Hammel was not available for comment at the time of publication.
Jemison said that she plans to work with administrators on the No Apologies Initiative such as Deputy Dean of Undergraduate Students Thomas Dunne and Associate Dean of the College and Director of Programs for Access and Inclusion Khristina Gonzalez. She cited both individuals as administrators she has worked with in the past to achieve goals for low-income and first generation students.
“I understand it takes time but I look forward to see that we’re working on it and that is happens,” Jemison said.
Now, as USG president, Jemison recalls her experience applying to college and knows that this change is critical to removing another barrier between low income and first generation students and college.
“I used to carry around a binder of scholarship applications throughout the day and I’d work on them throughout the day,” she said. “People thought I was really weird but I really needed scholarship money. I knew that in order for this to be a reality I had to find a way to cover these fees.”
The press release tells Nguyen’s story of applying to college and describes how he was faced not just with application fees, but with fees to send test scores to each of the schools he was applying to.
“It was a thousand dollars that could have gone to food or rent,” he wrote in the press release, adding that even with the availability of limited fee waivers, he couldn’t justify spending the amount of money “that was the equivalent of three weeks worth of food for my family.”
After writing to schools asking for more application fee waivers, the release states that Nguyen realized he was apologizing for being poor and that the feeling was humiliating, even though he did eventually receive the waivers. “The guilt and shame alone almost stopped me from going to college,” he wrote.
The press release notes that Nguyen's story is not uncommon, according to a 2014 White House report that indicated such fees were huge barriers to first generation students’ college applications. The press release further notes a recent New York Times study, which “found that in these colleges, there are more students from the 1 percent, making more than 630K a year, than there are students from the bottom 60 percent.”
The Times study also found that the median income at the University was $186,100 and that 72 percent of its students come from the top 20 percent. In comparison, the median household income nationwide in 2015 was $55,775, according to the Census Bureau.
The press release praised organizations like Questbridge and Posse for their work to address socioeconomic disparity, but said that colleges themselves should take on greater responsibility. The release further noted the examples of Bowdoin College and Trinity which waived all application fees for first-generation students in 2015.
“It is our responsibility and our prerogative to open those very same doors for those who follow,” Nyugen wrote in the press release.
“On the side of these top tier institutions if they are really looking to make this University accessible, they’re eliminating this economic barrier a lot of students have had to deal with their entire lives,” Jemison said. “[The students] done all the right things, but they’ve done all this without those resources, it’s important for the University to show that they want to make it accessible to you not only when you get here and we help you with financial aid but even before.”

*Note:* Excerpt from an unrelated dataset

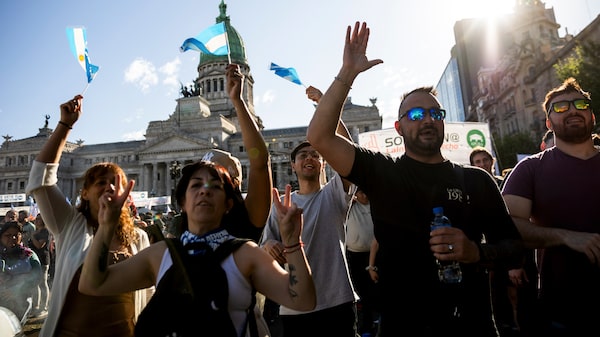Los países de América Latina que más respaldan la democracia como forma de gobierno, según Latinobarómetro Los países de América Latina que más respaldan la democracia como forma de gobierno, según Latinobarómetro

“I‘m excited about the letter and the opportunities it opens up for these students in low-income and first generation students,” Jemison said. “I trust the University will act on this and not only recognize what us current students have requested and would like to see but how this will result in great opportunities for students who will be applying come fall.”
The initiative, part of 1IvyG, is also signed by student government leaders at Brown University, Columbia University, Cornell University, Dartmouth College, Harvard University, Northwestern University, the University of Pennsylvania, Stanford University, the University of Chicago, and Yale University.
The press release is also supported by first-generation, low-income student groups at Brown, Columbia, Cornell, Harvard, Penn, Yale, and the University.